# Looking for information 1910 Board track racer.



## jasny (Feb 7, 2010)

I recently found this bike in a bike shop and scooped it up.  I live next to and attended Rutgers University and was so excited.  The only information I could find was the following record of the companies incorporation.

"Incorporated 1905,  Middlesex Motor Company,  New Brunswick, N.J. ; to manufacture automobiles, motor cars, Bicycles and bicycle parts; capital, $50,000.  Incorporators: H. Clark Saunders, Louis A. Voorhees and Charles A. White."

I do have the other parts, but removed them for restoration and cleaning.  No part or the frame has any name, number, or marking on it other then the head badge.

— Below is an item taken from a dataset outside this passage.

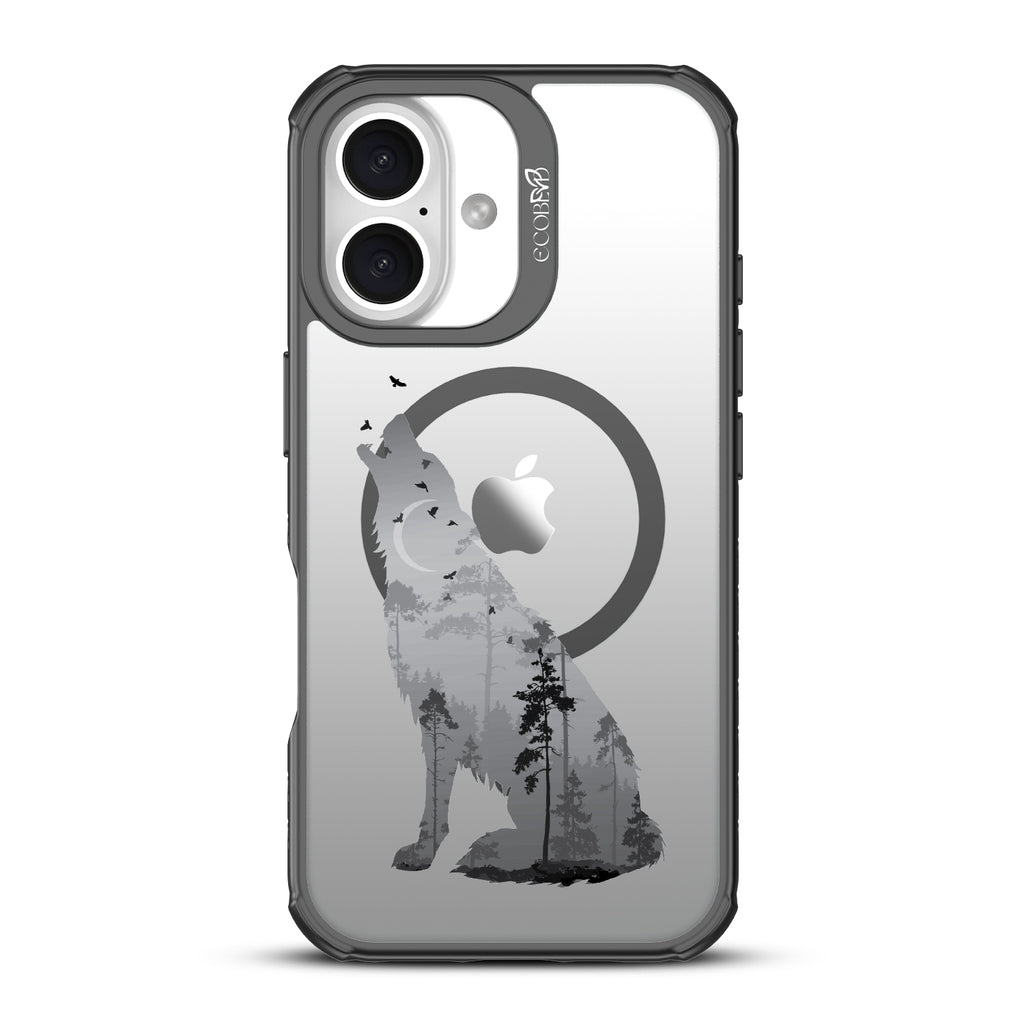 Howl at the Moon - Revive Collection Case for Apple iPhone 16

I am looking for the following:

1. Any information one has to share
2. How to locate a proper seat as it was not included
3. How to get proper racing bars, as mine are bent a little.

Here are the pics,














Thank You,

Jay


----------



## kunzog (Feb 7, 2010)

"Board Track Racer" is a term that has become over used lately. It seems that everyone that has an early bike likes that term. I have seen English 3 speeds, custom Chinese motored bikes and balloon tired bikes with upside down handle bars called by that term. Maybe "Track Bike" or" Racer" would be more appropriate. Your bike is indeed interesting and deserves restoration. Try this website.          http://www.classicrendezvous.com/


----------



## jasny (Feb 7, 2010)

Thank You for your help. I was going to send it to cyclart for a restoration.  I have not done so well in finding parts, and they seem to be pretty connected. I will post after pictures.   Now I will call it a track bike or racer, thanks again, Jay


----------



## rustNspokes (Feb 9, 2010)

Very cool head badge on that frame. I'd say once you get the frame repaired that should make a great looking bicycle. It would make a cool racer replica if that's what your going for.


----------



## Rus Tea (Feb 14, 2010)

Don't forget to look into the archives at Rutgers since the school has a very early history in athletics.  The steep angle of the head would seem to confirm that it may have been built for sporting purposes.  Check the archives and the areas historic societies, you may turn up some info via local clubs.  I'm also a NJ residient and I was suprised to find that my town had a club that regularly raced in the teen's and 20's.  Good luck and be sure to post some pix of the finished project.


----------



## jasny (Feb 15, 2010)

Thank You.  I just refinished the rims.  The parts are out for nickel plating.  It did need tires and a seat, they are in transit, and the only part with a name on it were the Torrington pedals, they were mismatched, and I just traded one for the correct matching other.   At this point,  I am considering sending  the frame to Cyclart for straightening and repair.  My local shop is a master at restorations. He has a book of things that look like they were run over by cars and left to rust for decades in fields, and he brought them back to life.  But the frame is so bent and cracked, I am not sure he has a jig. Although I have seen a torch running in back, and his pin striping is excellent.  Not sure yet on what to do with the frame restoration, any suggestions anyone?


----------



## sam (Feb 15, 2010)

If your shop has a torch--I say talk to them.In fact,two torches would be better than one.These frames I bet have internal luggs.Take a look inside the head tube.Do you see the ends of the tubes insirted and flatten or fishmounthed inside the head tube.This is the internal lugg.(or s short piece of tube inside the top&down tube to reimforce the joint.The bend is just where the lugg stopps.The top & down tube must be heated at the bend and the head pulled back in place.A few other things also need to happen to take out the wrinkles etc before painting.Old steel frames can take a lot more than you might think.And always mort than any modern frame.


----------